> ABOUT THIS TASK
Please restate word for word all lines from the one containing "Image of square" to the final line of the entries, and include no pictures.

==================================================

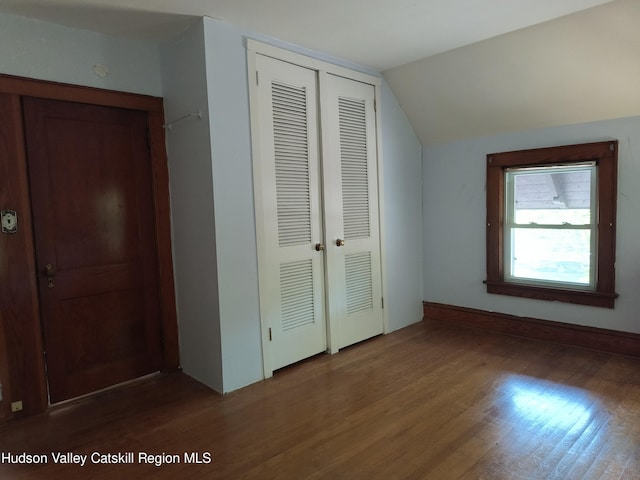 unfurnished bedroom featuring dark hardwood / wood-style floors, a closet, and vaulted ceiling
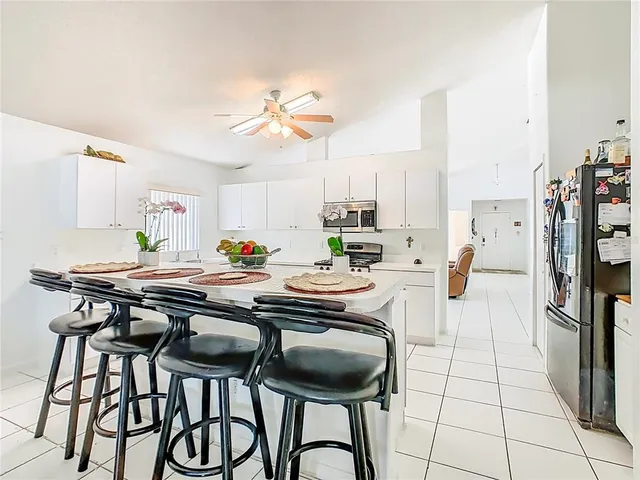 a kitchen with stainless steel appliances a table and chairs in it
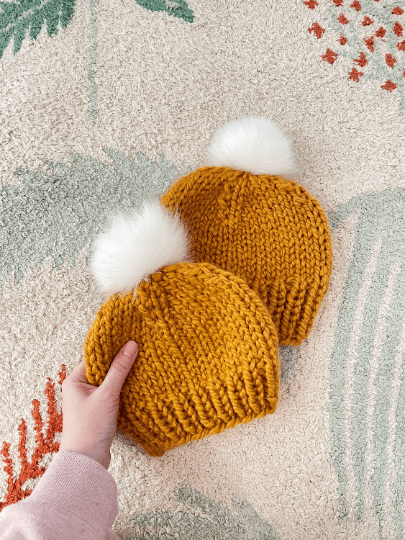 Hand knit baby beanie | Baby Chunky Double Pom Pom Beanie in Mustard | Newborn Baby Toddler hat | Fur Pom Pom Hat | Knit winter hat - TuttyKnitty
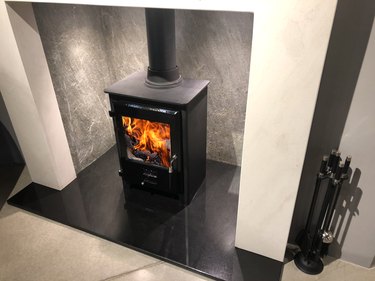 Image of square cast iron woodburner / contemporary log wood burning stove fireplace mantle with orange fire flames burning and generating heat to warm up room instead of gas boiler central heating, modern multifuel stove wood burner stand / chimney flue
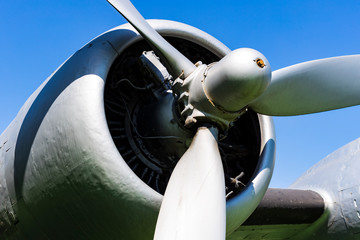 The propeller of an old plane shot close-up.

==================================================

> ANSWER TO THE PROBLEM
 Image of square cast iron woodburner / contemporary log wood burning stove fireplace mantle with orange fire flames burning and generating heat to warm up room instead of gas boiler central heating, modern multifuel stove wood burner stand / chimney flue
 The propeller of an old plane shot close-up.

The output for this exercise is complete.